Driving Dividends with Derivatives
Yet, the current yield from the Dividend Aristocrats alone may be insufficient for some income-oriented investors. Traditionally, investors seeking the highest incomes have had to sacrifice quality or assume more risk in order to obtain higher yields. Currently, the only major indices/sectors that provide yields exceeding 4% are Energy, high-dividend equities, and high-yield bonds (i.e., sub-investment grade), all of which logged negative returns in 2020 and require investors to assume additional risk relative to higher quality assets (see Figures 2 and 4).
However, an alternative (and often under-utilized) option to increase income without necessarily sacrificing quality is leveraging the potential benefits of derivatives. Writing (i.e., selling) call options (see footnote 4) on a percentage of portfolio assets can be an effective way to boost income without compromising asset quality. Cboe Vest has utilized this strategy in its S&P 500 Dividend Aristocrats Target Income ETF (KNG), one of the few exchange-traded funds (ETFs) that allow investors access to the Dividend Aristocrats Index. The strategy seeks to obtain a total income target that is 3% above the annual dividend yield of the S&P 500 Index. The fund achieves this goal by not only holding stocks from the Dividend Aristocrats Index and collecting their dividends, but also writing call options on a percentage of the portfolio (see Figure 3).
Figure 3. Dividend Aristocrats Target Income Strategy
The net effect is a higher annualized yield than can be obtained purely through the Dividend Aristocrats Index; the current annualized yield of KNG is 4.29%, which is 1.66% higher than the current 2.63% yield of the Dividend Aristocrats Index (see Figure 4).

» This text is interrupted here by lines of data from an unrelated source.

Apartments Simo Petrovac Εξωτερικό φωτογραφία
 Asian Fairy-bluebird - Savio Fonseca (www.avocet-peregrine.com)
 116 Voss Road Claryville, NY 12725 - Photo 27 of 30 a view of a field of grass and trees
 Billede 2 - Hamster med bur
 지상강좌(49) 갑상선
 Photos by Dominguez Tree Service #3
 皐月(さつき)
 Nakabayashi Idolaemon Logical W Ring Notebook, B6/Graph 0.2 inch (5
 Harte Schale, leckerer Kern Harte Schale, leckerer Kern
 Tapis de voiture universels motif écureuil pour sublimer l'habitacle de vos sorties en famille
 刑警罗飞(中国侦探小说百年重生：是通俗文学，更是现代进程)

As a result, KNG offers investors a yield that rivals even the highest yields provided by Energy (5.84%), high-dividend equities (4.90%), and high-yield bonds (4.89%), while maintaining exposure to the higher-quality and positively-performing stocks that comprise the Dividend Aristocrats Index. In short, the strategy offers an often elusive synergy between yield, quality, and performance, which may prove to be a competitive solution for income-oriented investors.
Note: Performance data quoted represents past performance. The ETF’s past performance does not guarantee future results. The investment return and principal value of an investment will fluctuate so that an investor’s shares, when sold or redeemed, may be worth more or less than their original cost. Current performance of the ETF may be lower or higher than the performance data quoted. You may obtain performance data current to the most recent month end by calling 855-505-VEST (8378).
A Strategic Solution for the Income Investor
As shown by its performance and yield, the Cboe Vest S&P 500 Dividend Aristocrats Target Income ETF has not only persevered but prevailed over the pressures posed by the pandemic. The fund continues to offer investors the opportunity to gain exposure to both high-quality equity growth as well as a highly competitive yield, and the diversified nature of its underlying Dividend Aristocrats Index mitigates single-stock and/or sector risk.
In short, the strategy has proven to be a sound solution that has succeeded in both stormy and steady conditions alike, which may make it a worthwhile addition to the portfolio of any income-oriented investor.